Franz Boas has been considered by many as the "Father of American Anthropology", as he was a pioneer in breaking down the American isolationism, intolerance and misinformation about and biological diversity and linguistics.
Born in Minden, Westphalia, Germany, in 1858, from a Jewish family, Boas early thinking was based on the ideals of the 1848 German revolution and followed his parents’ intellectual freedom (Stocking, 1974).
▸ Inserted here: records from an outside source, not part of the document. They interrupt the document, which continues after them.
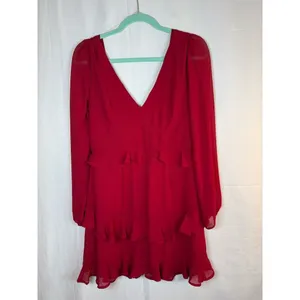 Trixxi Dress Womens M Red Chiffon Ruffle Tiered Mini V-Neck Long Sleeve thumbnail 3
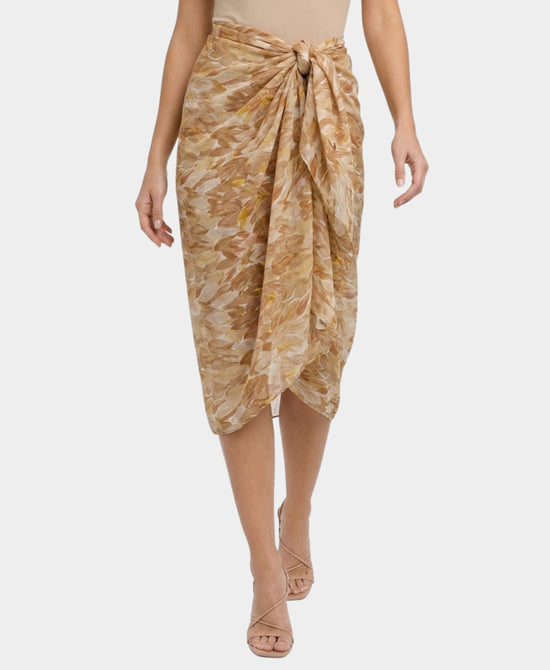 
Leaf Print Sarong in BEIGE MULTI view 1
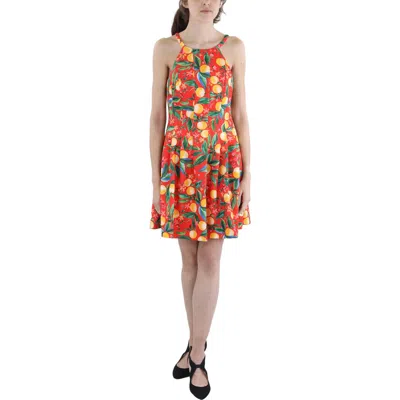 Vince Camuto Womens Printed Scuba Fit & Flare Dress In Red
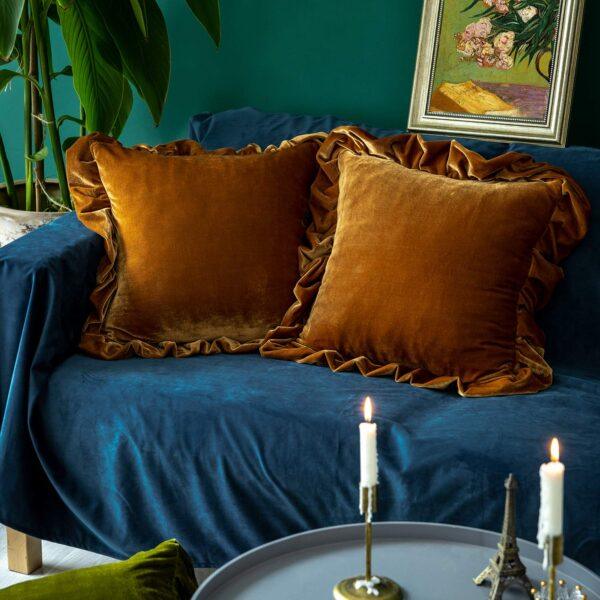Velvet Throw Pillow Covers (Set of 2)
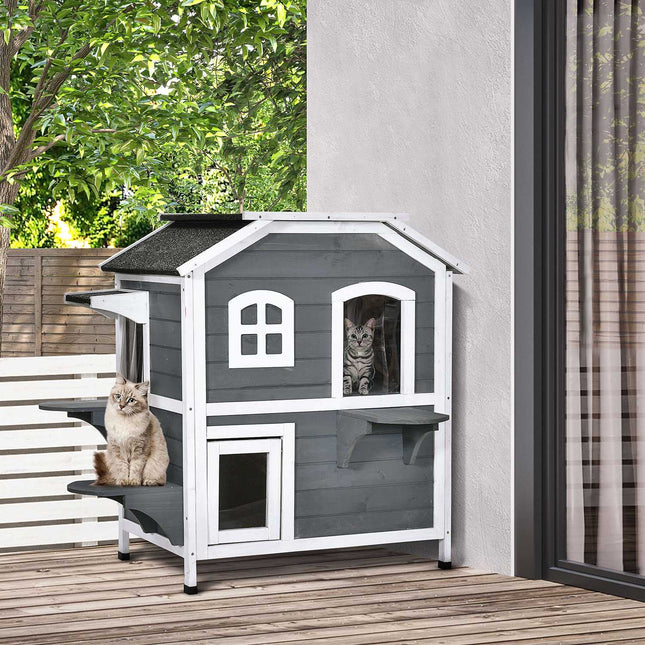 Outdoor weatherproof cat house, asphalt roof, 2 levels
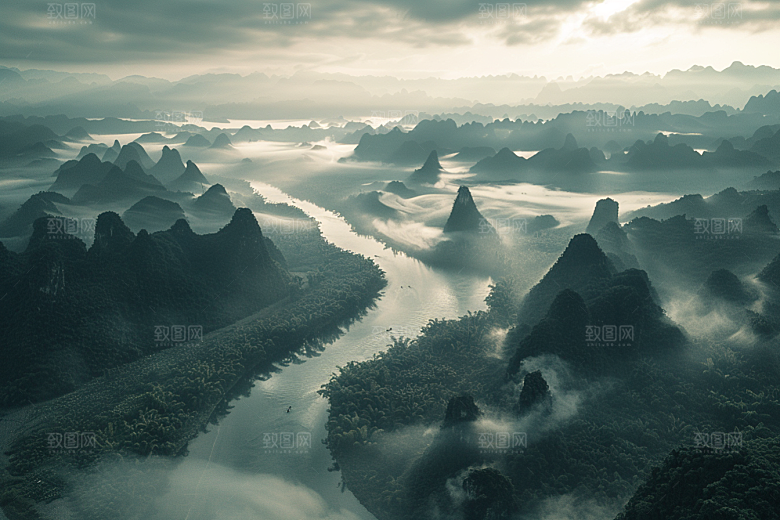 桂林山水旅游山川摄影图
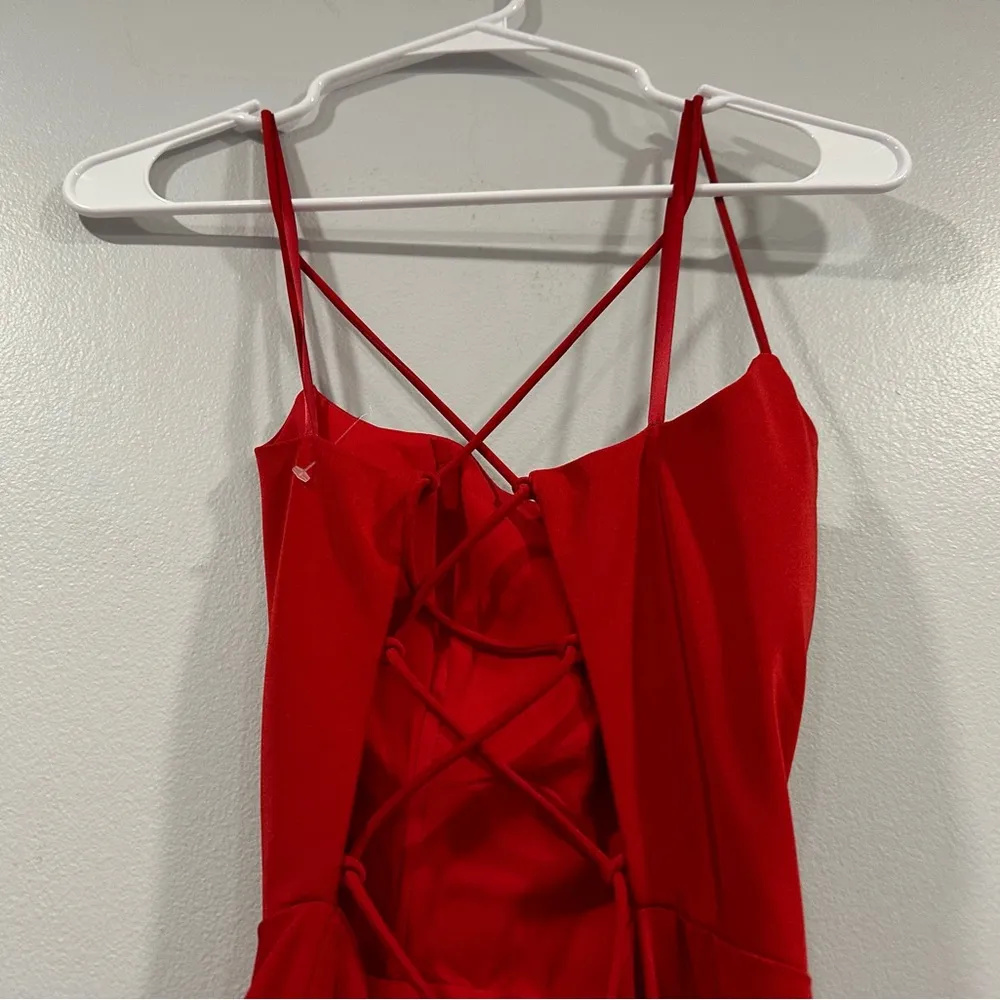 La Femme 28294 Strappy Maxi Dress Red 0 - Image 5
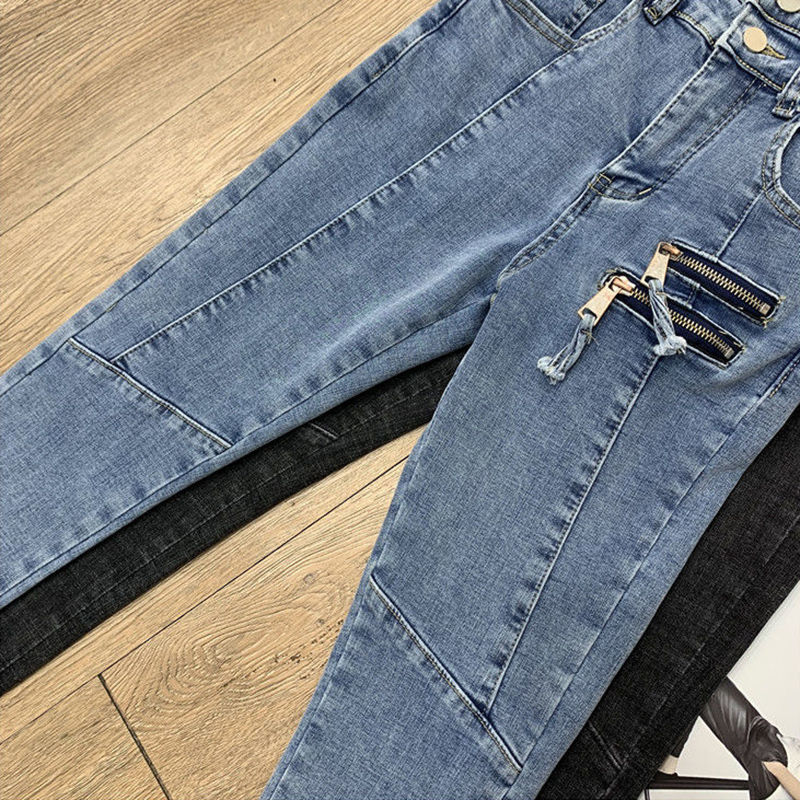 High-waisted jeans for women, 2022 Spring and Autumn new Korean style slimming tight skinny pants, elastic and versatile pencil capri pants detail image 7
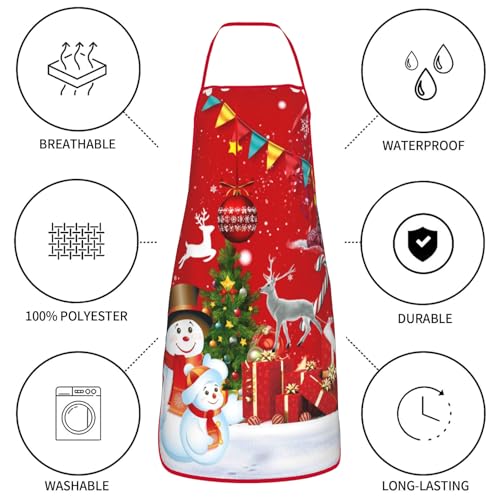 2Pcs Christmas Tree Snowman Kitchen Cooking Aprons O176555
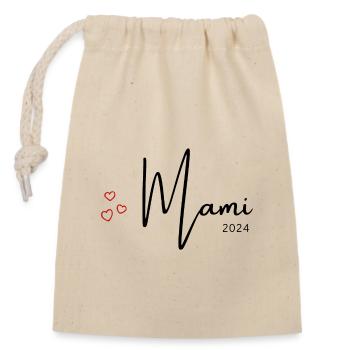 Mami 2024 - Verschließbarer Geschenkbeutel aus Baumwolle (14x20cm) - Natur - Vorne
However, Boas did not set out with the specific ambition to study human cultures, and after attending the universities of Heidelberg, Bonn and Kiel, in 1881 he earned a PhD. in Physics, with a minor in geography. Marked by the influence of Rudolf Virchow,
who led the founding of the Berliner Gesellshaft für Anthropologie, Ethnologie und Urgeschichte (Berlin Society of Anthropology, Ethnology and Prehistory), his academic formation gave Boas a strong liberal tradition and an attitude towards race, which rejected the theories that recognized the existence of racial hierarchies based on cultural differences (Stocking, 1974). In 1883, as part of his training at the University of Heidelberg, Boas set out on his first expedition with the two gains of mapping the Canadian Arctic coastline and indulging his new interest in culture, which as a result of the journey, became interest in finding what determines human behaviour. "A year of life spent as an Eskimo among Eskimos", Boas (1938, p. 202) said, "had a profound influence upon the development of my views, […] because it led me away from my former interests and towards the desire to understand what determines the behaviour of human beings." His study of indigenous people, of their appearance, their language and traditions, allowed him to overcome the concept learnt as a geographer, that culture is shaped exclusively by the environment, recognizing the importance of language as a determinant as well. Language indeed, is more than simply a mean to make yourself understood, but it is part of the essence of the culture, as a vehicle to transmit cultural identities (Stocking, 1974).
Anthropology was beginning to take form and develop when Boas entered the picture. It offered him an opportunity to get some ideas of the dynamics of culture, their growth, development, adaptations, and of many other aspects fundamental to understand your own culture and way of life, as well as the perfect mean to help better the human condition by eliminating ignorance. Following the example of Malinowski, at a time in which Anthropology was mostly peopled by untrained adventurers and armchair philosophers, Boas brought the methodology of natural sciences into fieldwork, believing that a meticulous and direct collection of ethnographic data, along with living among the people studied, were essential factors to develop an accurate description of another culture (Helm, 2001). However, unlike Malinowski, who did not believed in historical reconstructions, Boas used a historical method and refused...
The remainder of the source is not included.